* [The records]:
^^^^^^^^

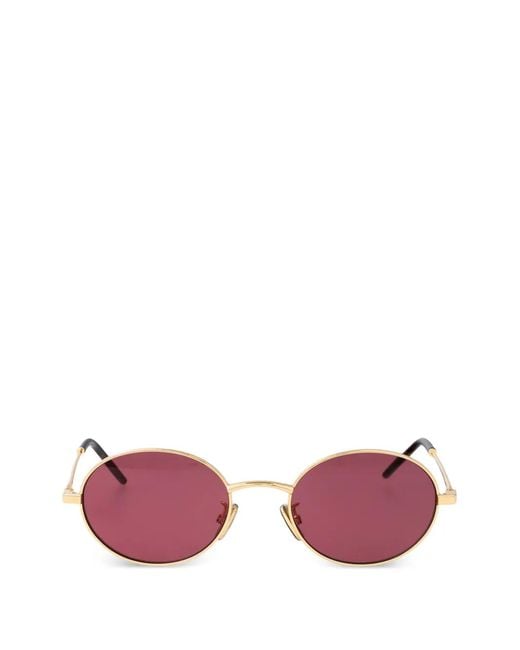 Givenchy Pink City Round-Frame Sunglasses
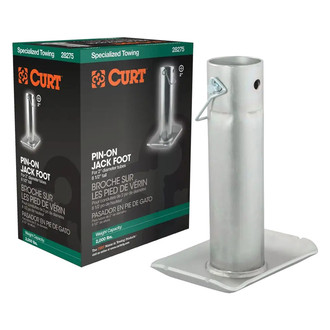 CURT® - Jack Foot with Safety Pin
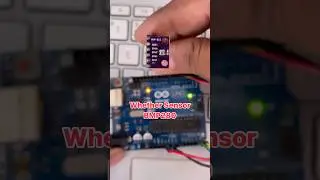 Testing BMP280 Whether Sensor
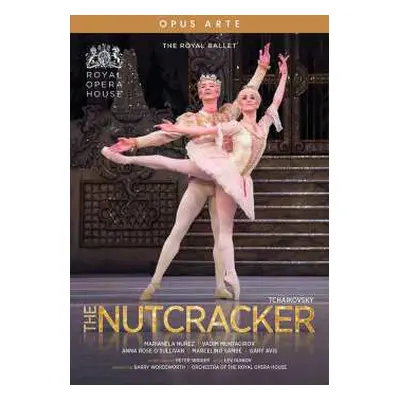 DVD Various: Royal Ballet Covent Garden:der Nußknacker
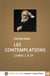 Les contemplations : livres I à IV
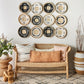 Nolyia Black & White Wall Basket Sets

^^^^^^^^

* [Assignment]: In your copy of the listing above, every line must match exactly and no picture may appear.

* [Task output]:
 Givenchy Pink City Round-Frame Sunglasses
 CURT® - Jack Foot with Safety Pin
 Testing BMP280 Whether Sensor
 DVD Various: Royal Ballet Covent Garden:der Nußknacker
 Les contemplations : livres I à IV
 Nolyia Black & White Wall Basket Sets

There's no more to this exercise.